Work request >>
Print exactly the lines below between the line containing "London Grace Renew" and the line containing "12436 Del Amo", counting both of those lines. Leave pictures out.

Task data >>
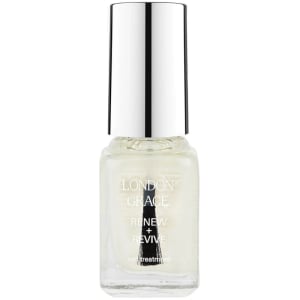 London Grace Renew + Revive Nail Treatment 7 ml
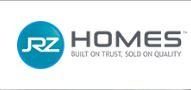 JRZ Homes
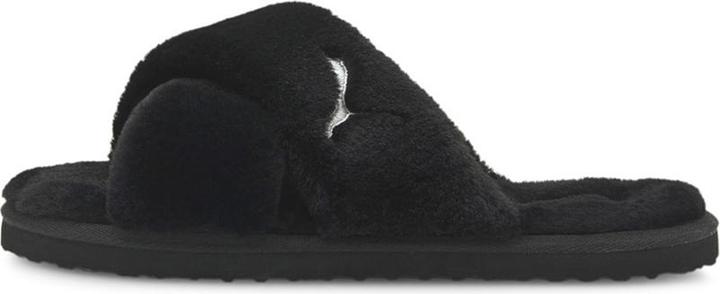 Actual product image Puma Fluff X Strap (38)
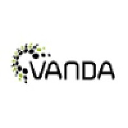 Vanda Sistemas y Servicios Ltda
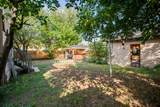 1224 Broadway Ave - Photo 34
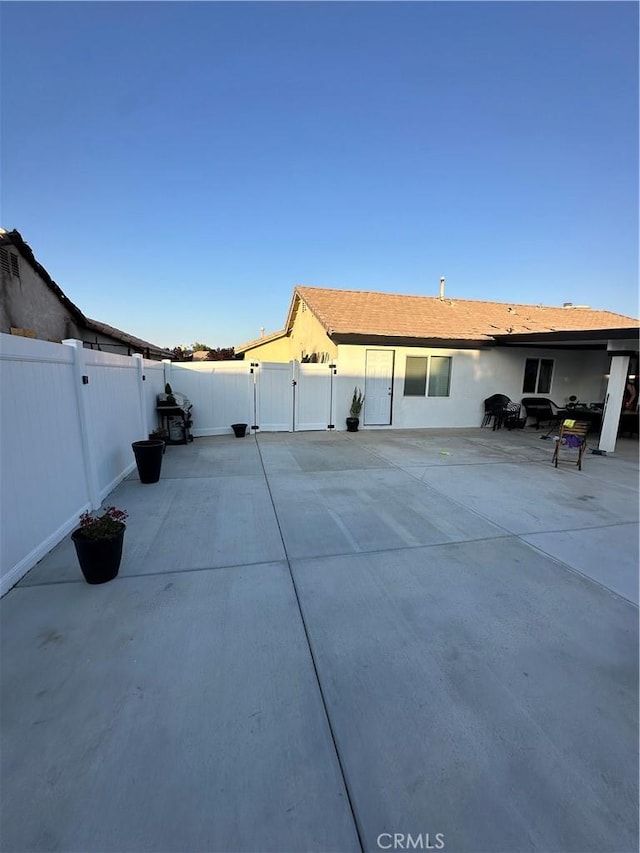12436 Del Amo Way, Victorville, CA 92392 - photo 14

---

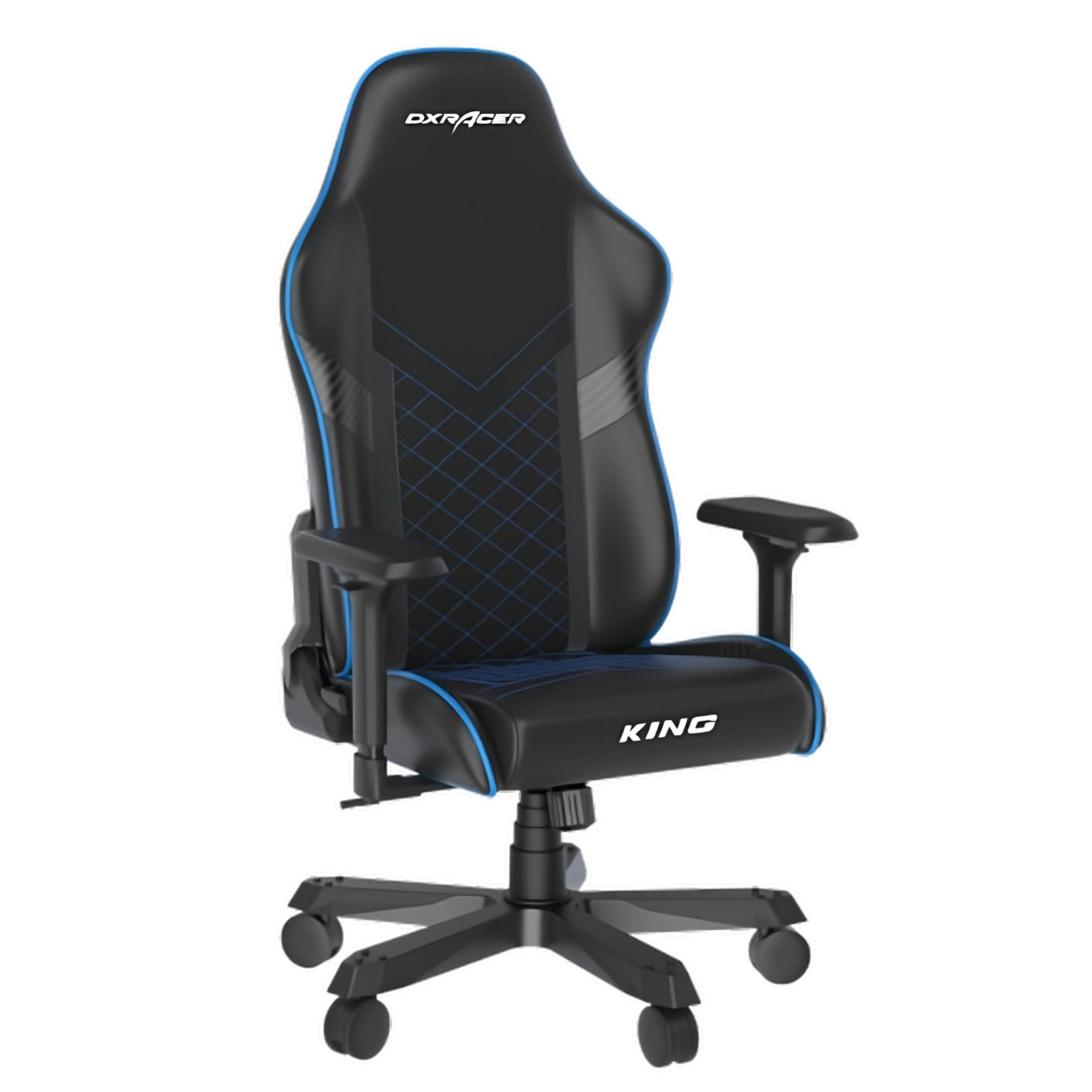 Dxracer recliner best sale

* * *

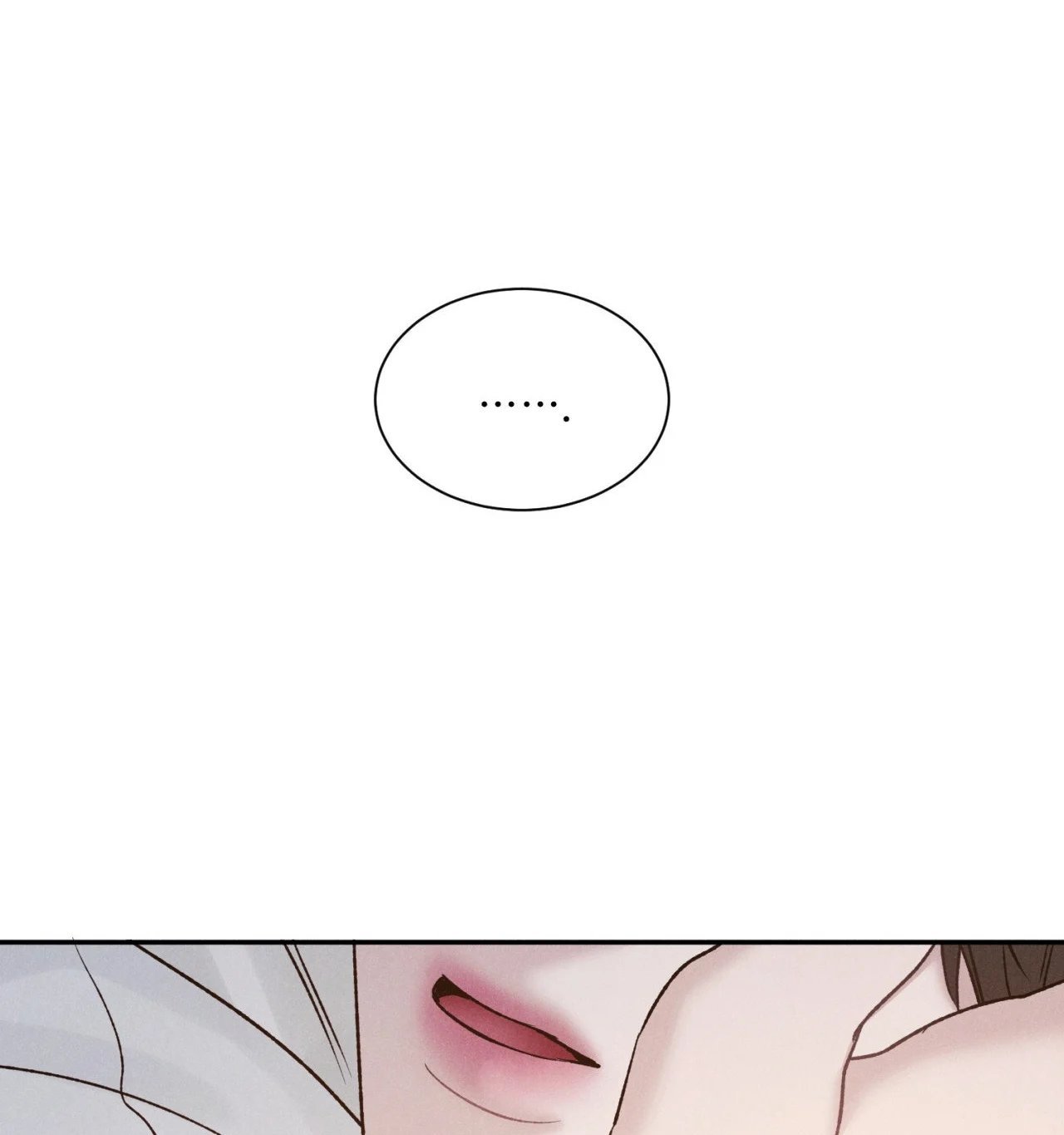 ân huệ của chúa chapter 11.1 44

Written solution >>
 London Grace Renew + Revive Nail Treatment 7 ml
 JRZ Homes
 Actual product image Puma Fluff X Strap (38)
 Vanda Sistemas y Servicios Ltda
 1224 Broadway Ave - Photo 34
12436 Del Amo Way, Victorville, CA 92392 - photo 14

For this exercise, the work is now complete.